Developers focused on project handovers
New sales remained subdued across listed developers in Q2/26, with most new launches coming from Vinhomes' township projects, including Ha Long Xanh, Can Gio, and Hai Van Bay. MBS believes challenging market conditions could result in lower absorption rates for new launches compared with the 2024–25 period. Meanwhile, developers such as NLG, KDH, and DXG delayed new launches amid weak demand driven by higher borrowing costs.
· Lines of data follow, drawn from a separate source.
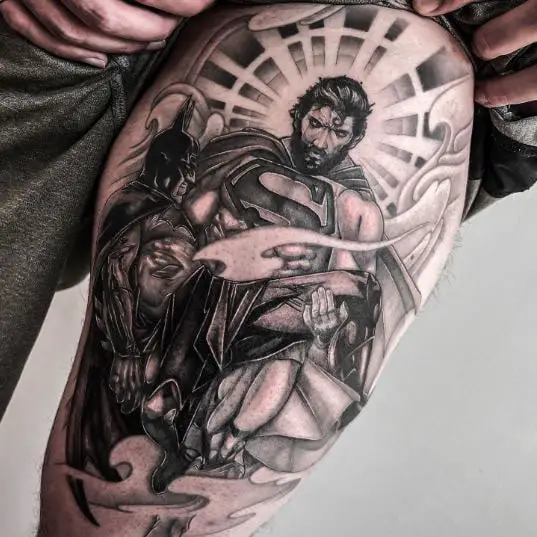 Superman holding Batman tattoo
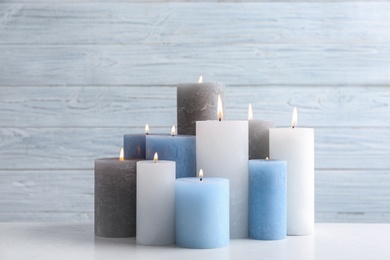 Photo of Set of burning candles on table against light wooden background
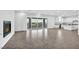 Bright open living space features a modern fireplace and large sliding glass doors at 9570 Verde Way, Las Vegas, NV 89149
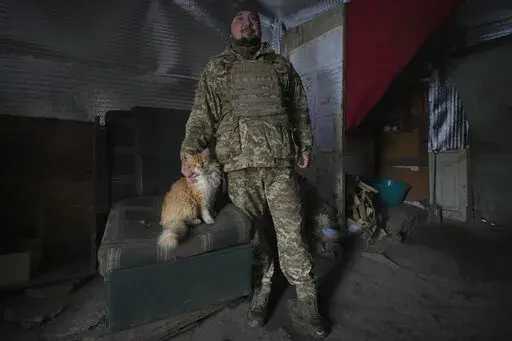 An Ukrainian serviceman pats Vasiliy the cat at an advanced position on the front line in the Luhansk area, eastern Ukraine, Thursday, Jan. 27, 2022. The U.S. rejection of Russia's main demands to resolve the crisis over Ukraine left "little ground for optimism," the Kremlin said Thursday, but added that dialogue was still possible. (AP Photo/Vadim Ghirda)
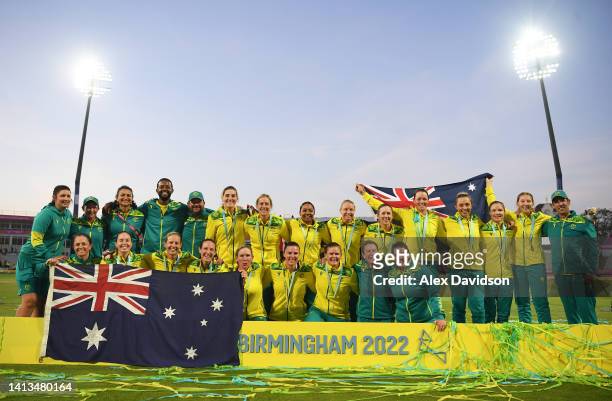 Team Australia pose for a photo after being presented with a Gold Medal during the Cricket T20 - Gold Medal match between Team Australia and Team...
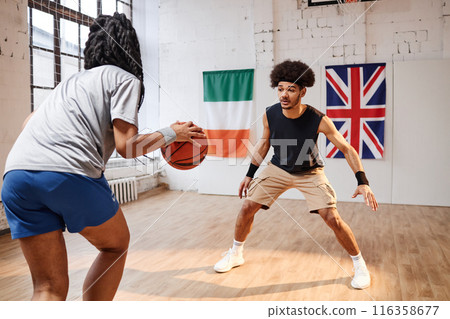 Action shot of two African American teenagers boy and girl playing basketball together at indoor court with young man standing in defense copy space 116358677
As a result, Q2/26 earnings were largely supported by handovers from a limited number of previously launched projects, including Waterpoint (NLG), Gem Sky World (DXG), and Gladia (KDH), leading to YoY declines in net profit for these developers. In contrast, VHM reported 11% YoY net profit growth, supported by handovers at Green Paradise, Wonder City, and Green City.
MBS observes that developers remain cautious on new launches. Mid-sized developers are increasingly focusing on projects targeting end-user demand, particularly apartment developments, rather than large-scale townships. In H2/26, key expected launches include Mizuki Park (NLG), The Privé (DXG), and Gladia (KDH).
Property sector earnings forecast
As for VHM, MBS expects 2Q26 net profit to reach VND 8,377 billion, up 11% YoY, supported by continued earnings recognition from Green Paradise, Wonder City, and Green City.
VRE's 2Q26 operating performance is expected to remain stable, supported by high occupancy across its retail mall portfolio and improving tenant traffic. MBS forecasts net profit of VND 1,215bn, down slightly by 1% YoY, reflecting the resilient retail leasing business amid moderate consumer spending growth.
MBS expects DXG's net profit to hit VND 70 billion, down 14% YoY due to fewer handovers at Gem Sky World and a 3 ppt contraction in the project's gross margin on lower ASP. Meanwhile, brokerage revenue is projected to fall 10% YoY amid softer market liquidity.
NLG’s bet profit is forecasted by MBS to reach VND 80 billion, down 19% YoY as the weak property market resulted in fewer handovers at the Waterpoint project.